Lord Justice Edis, sitting with Mrs Justice McGowan and Judge Nigel Lickley KC, said: "Dunne was a criminal and paid police informant who was in the habit of passing information to the police about other criminals for his own benefit."

He continued: "The circumstances of the suggested confession to murder and the reliability of the informant are such as to raise concerns about it."

He added: "He gave no detail of the murder which could support its reliability."

Ms Cartwright-Gilbert suffered a broken nose when she was fatally attacked before being stamped on, stabbed in the heart, lungs and neck and then set on fire, with her two dogs also killed in the blaze.

After being found guilty of murder at St Albans Crown Court in December 1998, Plummer lost an appeal in 1999 but had his conviction quashed in 2021 after it was referred to the Court of Appeal by the Criminal Cases Review Commission due to concerns over expert evidence.

He was then found guilty of murder again two years later, after prosecutors told a jury that Plummer had killed Ms Cartwright-Gilbert in a burglary gone wrong, and used Dunne’s evidence of the alleged confession.

Plummer admitted to burglary, but denied murder and that he had ever given a confession.

At a hearing on July 15, Katy Thorne KC, for Plummer, said that Dunne’s evidence "should never have been admitted" and that the trial judge "failed to properly consider" that the evidence had "inherent potential unreliability."

She also said that records indicated that a payment had been made to Dunne at the time he provided evidence to the police, but "there has never been any explanation given by anyone" for what it was for.

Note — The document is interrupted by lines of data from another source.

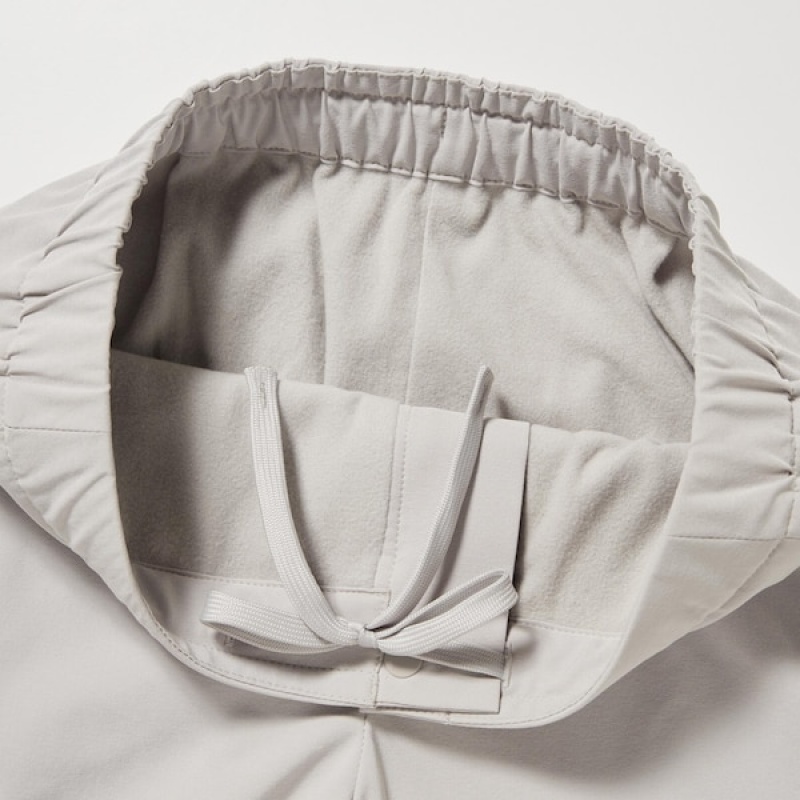Uniqlo HEATTECH Warm Lined Ženske Hlače Sive | 6804-UQPCH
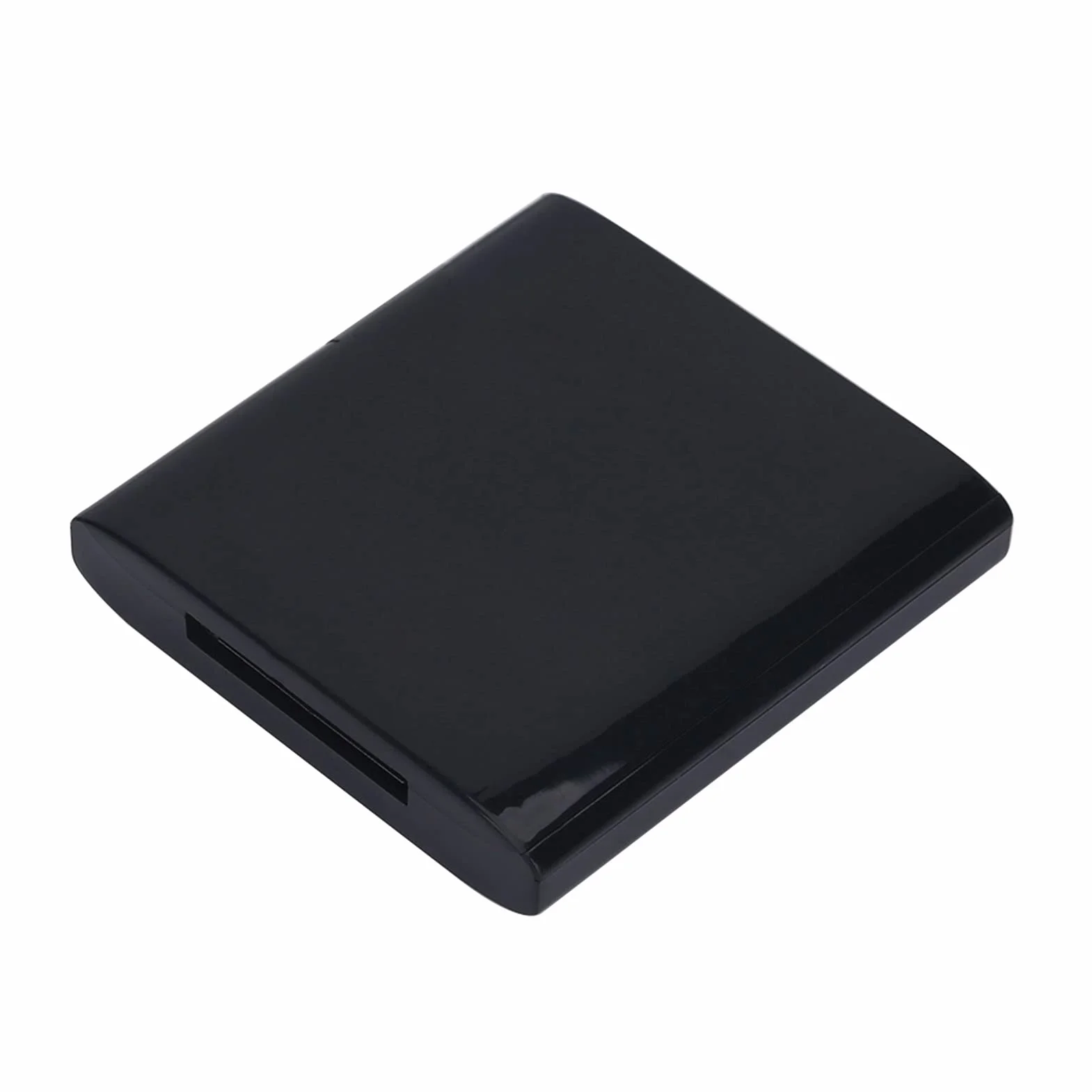 Adapter Bluetooth, Bezprzewodowy Odbiornik Bluetooth 30-pinowy Odbiornik Muzyki Bluetooth Adapter Obsługuje Adapter A2DP V1.2 (Czarny)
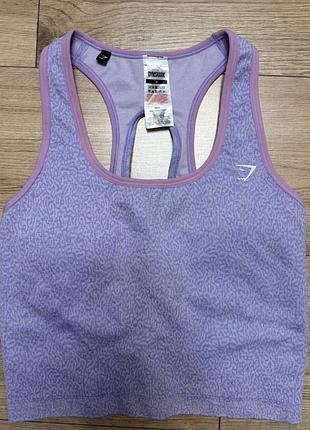 Топ від gymshark 💜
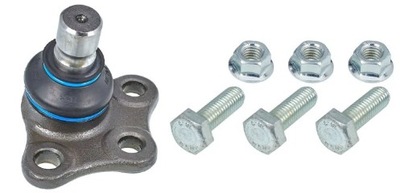 Citroen c3 ii c4 peugeot 208 i шаровая опора рычага фото №1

In a 48-page ruling, Lord Justice Edis said that Dunne and Plummer shared a cell together for around three weeks in June 1997, before Plummer’s first conviction.

Dunne, who had been an informant since 1996, did not ask to speak to police about the alleged confession until August 1997, and gave a differing account that December.

He said that there were "discrepancies and matters that cannot in fact be correct" in Dunne’s accounts, which also did not provide "any account of the killing."

The judge also said that while Dunne’s evidence was "decisive" at trial, it was "unconvincing."

He continued that the retrial "should have been stopped" after the jury had heard the evidence, and that the judge’s "failure to do that clearly therefore renders the conviction unsafe."

Following the ruling, a CPS spokesperson said: "Today, our thoughts remain with the family and loved ones of Janice Cartwright-Gilbert, who lost her life in 1997 to a terrible crime.

"In both the original trial and retrial, the CPS prosecution assessed the evidence fairly and independently and were satisfied it showed a realistic prospect of conviction.

"Having carefully considered the judgement, it is not possible for the prosecution to seek a further retrial as the remaining evidence, without the cell confession, would not provide a realistic prospect of conviction."